By moving away from the use of traditional media in art, and challenging the accepted art-viewer relationship, these artists played a significant role in changing the course of modern art. Cardi Gallery presents works by eight Italian post-war masters at Art Basel 2021 as part of the fair’s online viewing room ‘Pioneers’. Through a selection entitled ‘Pioneers of the Earth and the Skies’, the gallery is showing eight ground-breaking works made between 1966 and 2010.
Throughout his whole career, Mimmo Rotella developed several new techniques to exceed the limitations of painting: the décollage in the 1950s, the photo emulsion and the artypo in the 1960s, and the blank in the 1980s. Venere Imperiale, 1966 is one of the earlier examples of artypo, created by cropping and mounting appropriated printing proofs onto canvas. Visually complex webs of randomly layered prints superimposing imagery, letters, and colours, these works draw from popular culture, the icons of film and advertising dotting the everyday landscape of the ever-changing capital city of a booming economy. Rotella’s rebellious attitude towards the sacred space of the canvas, his embrace of the element of chance and his playfulness with everyday materials make him a pioneer in the development of Post-War art in Italy.
Similarly to Rotella, Alberto Biasi also broadens the horizons of painting through the assemblage of industrially produced materials. His Drops in Lewisham, 1974 evokes the imagery of flickering drops through a process of virtual kineticism where immobile PVC and acrylic strips become animated by the viewer’s movement, therefore creating new shapes that steer the gaze. The viewer’s presence is necessary to complete the work, establishing a key relationship, and drawing attention to a performative and temporal element of a wall-based piece.
This attitude is also exemplified by Michelangelo Pistoletto’s practice and his series quadri specchianti such as Man with a Yellow and Green Hat, 1973, where the spectator physically becomes an integral part of the painting.

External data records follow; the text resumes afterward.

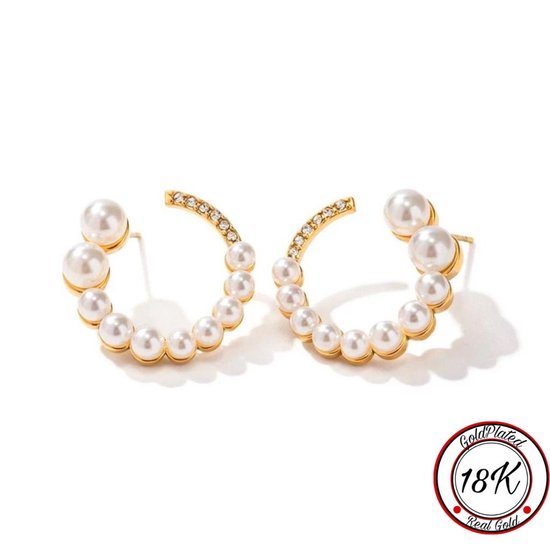 Soraro Bubble Zirkonia Earrings | Goudkleurig | 18K Goldplated | Parel | Zirkonia | Dames Oorbellen | Elegante Oorbellen | Cadeau Voor Haar | Verjaardag Cadeau
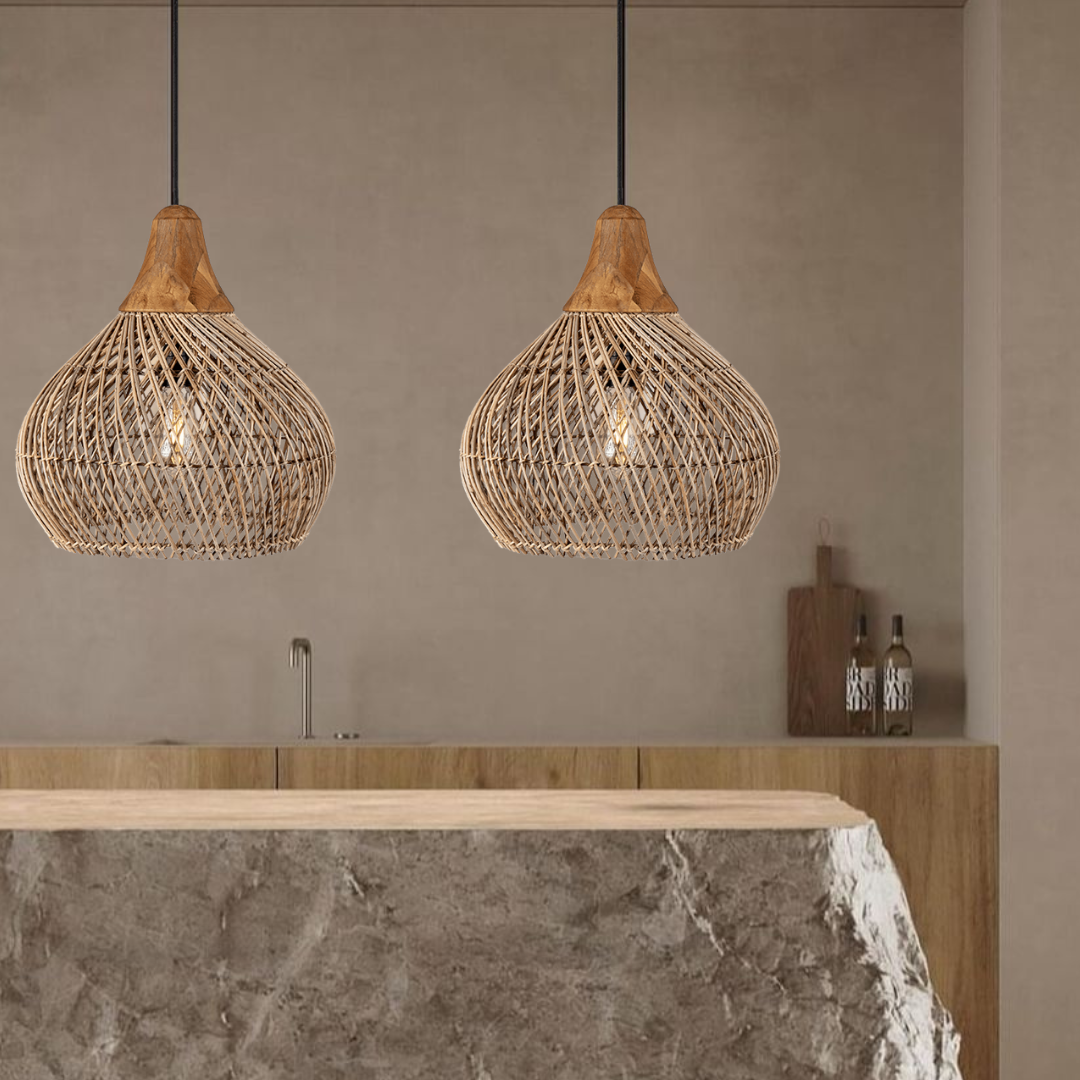 wabi sabi style rattan bell light-labpiecesign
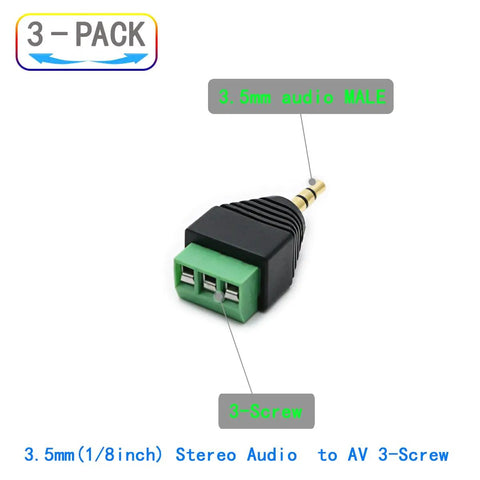 Three Pack 3.5mm TRS Stereo AV Male To 3-Screw Terminal Adapter Cables showing single adapter with 1/8 inch plug and screw block.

Just like for Pistoletto the mirror acts as a bridge between the artwork and the world of the here and now, therefore letting the everyday bleed into the work, in Mario Merz’s Untitled, 1983 this function is brought forth by a light spear piercing an unstretched canvas. Intricately painted, the present work is a rare vertical rendition of an owl-like form drawn from the rich artist’s bestiary.
In their works, these artists embrace natural, earthy elements in their poorest, simplest organic form: salt, ice. They elevate them through the association with manmade, industrial materials, such as serial prints for Rotella, plastic compounds for Biasi, stainless steel for Pistoletto, neon strips for Merz, lead sheets and a freezing system for Pierpaolo Calzolari’s Untitled (Black Salt), 1986. These works speak to the tactility of art, his alchemic capacity to transform and elevate not only common natural subjects and everyday materials, but to challenge vision and activate the other senses through the scent of freezing metal, the variation of temperature and the buzzing of an engine. They all reference yet depart from the pictorial language, deconstructing high art through unusual creative approaches and assemblages.

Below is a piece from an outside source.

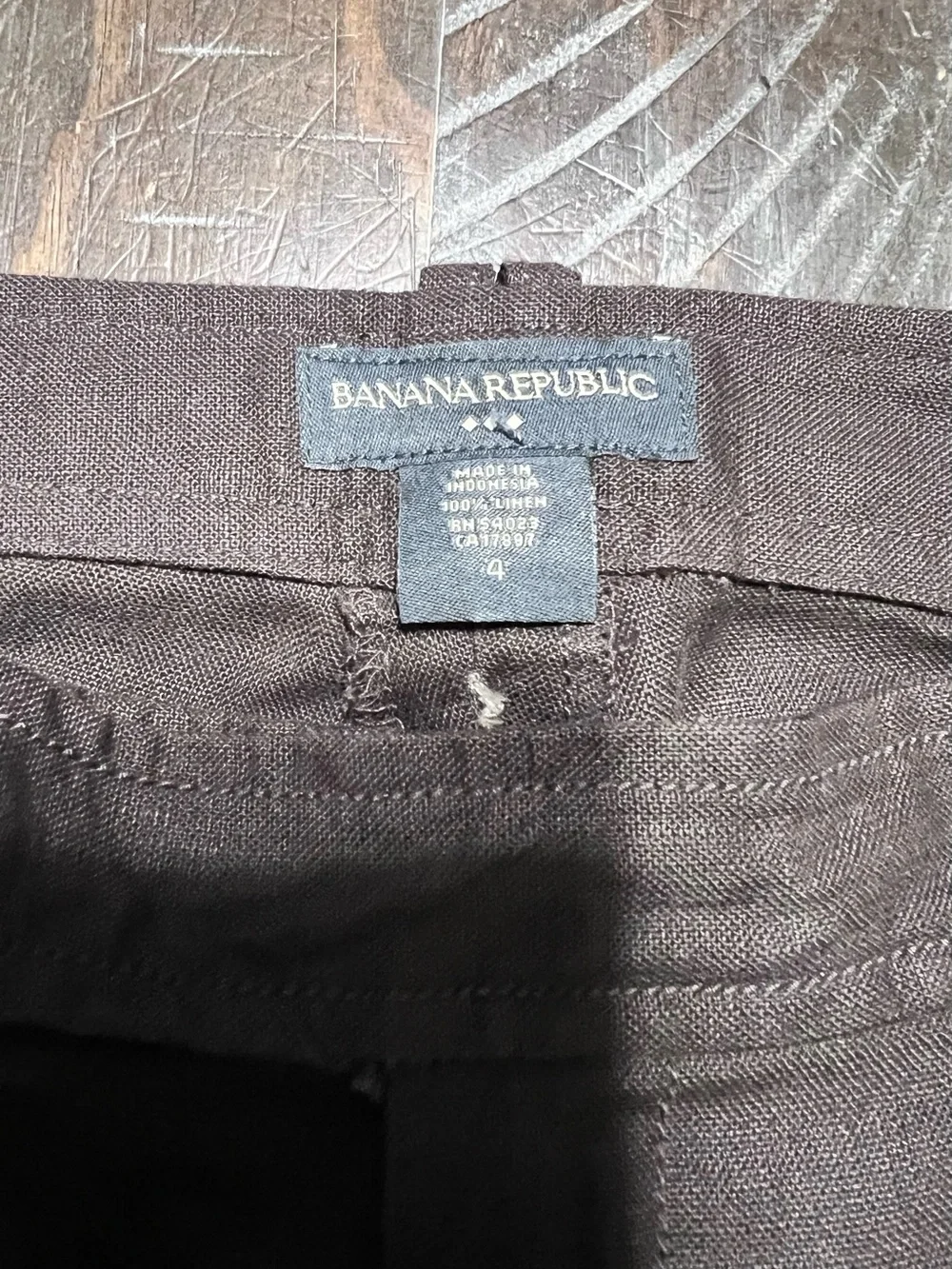 Banana Republic Ladies Dark Brown Retro Style Wide-Leg Linen Pants Size 4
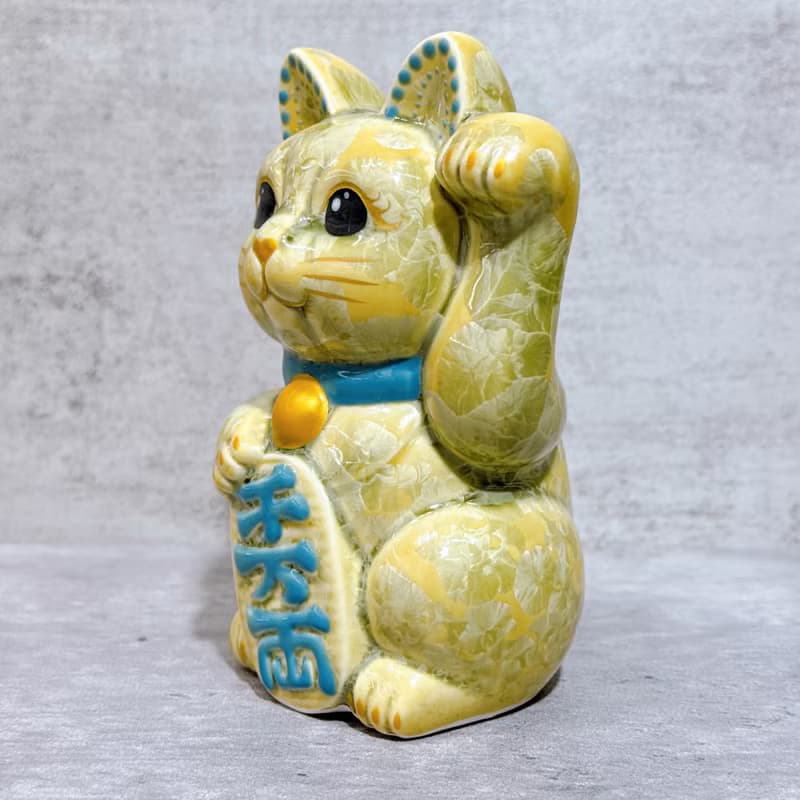 【福鈴貓緣】日本清水燒招財貓 | 花結晶 綠黃 千萬両 左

Alighiero Boetti relinquished part of his own artistic agency. Cieli ad alta quota, a 1988 piece from his iconic Aerei series, illustrates the artist’s collaborative approach in creating artworks, as he instructed fellow artists and amateurs alike to draw his aeroplanes against the background of high-altitude skies.

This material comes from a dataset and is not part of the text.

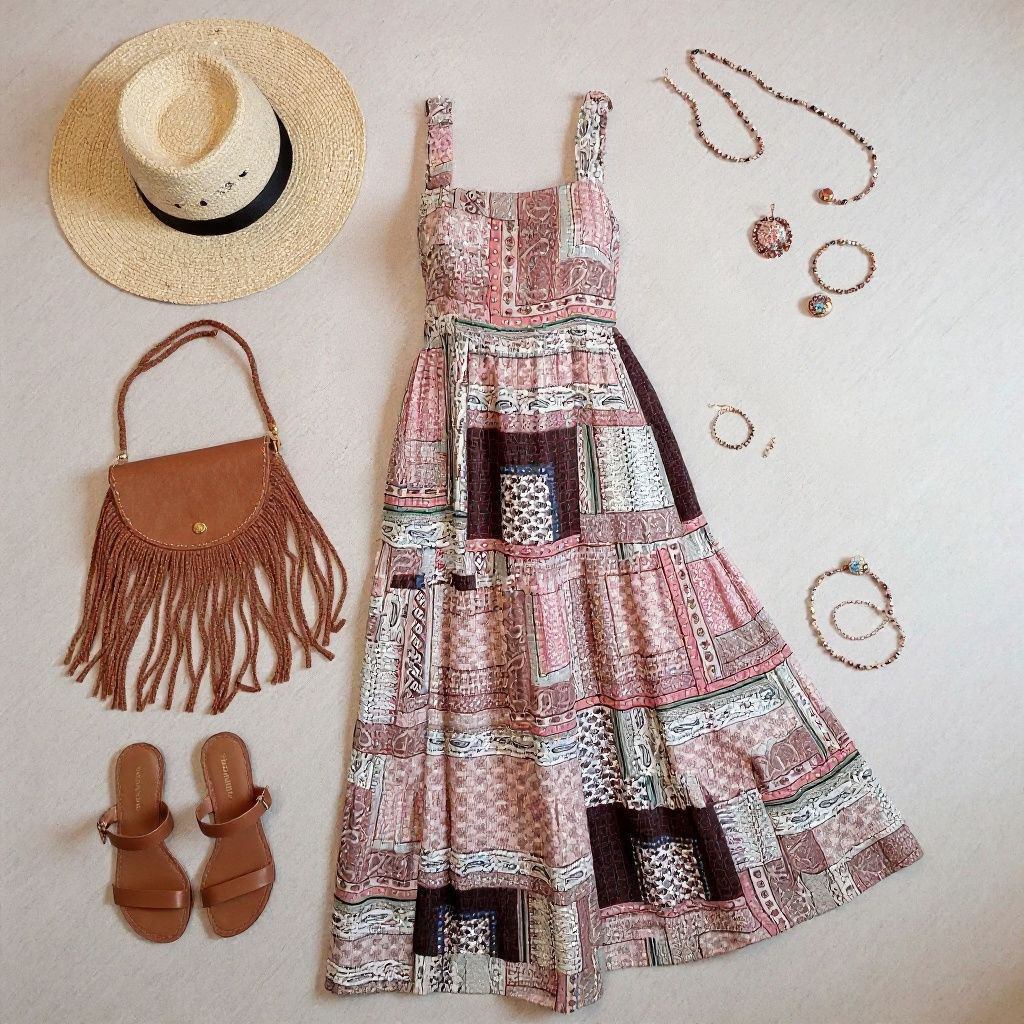 💜 ASOS 》VIOLET ROMANCE Patchwork Print Cross-bac… - image 1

Another piece questioning the foundations of high art is Jannis Kounellis’s 1980 wall-based piece, Mensola. It reimagines the language of classical sculpture and painting at once; the canvas has been substituted by a heavy iron plate with shelves, on which a small collection of plaster heads is on display alongside some artists materials. The sculptures are fragmented or splattered with coloured paint, the painting rags soaked in colour, the glass probably belonging to some frames, broken.
A completely different attitude towards painting is demonstrated by the quiet neo-expressionism of Untitled, 2010 by Mimmo Paladino. A large-scale work on canvas, it displays a colourful mixed media tableau of various figurative elements, geometric shapes and patterns, such as the human head depicted both as side profile and frontally, a stylized house, the number 1. Paladino’s works are imbued with mysticism, at once earthbound and deeply rooted in Italian culture, yet speaking to, and of, the otherworldly.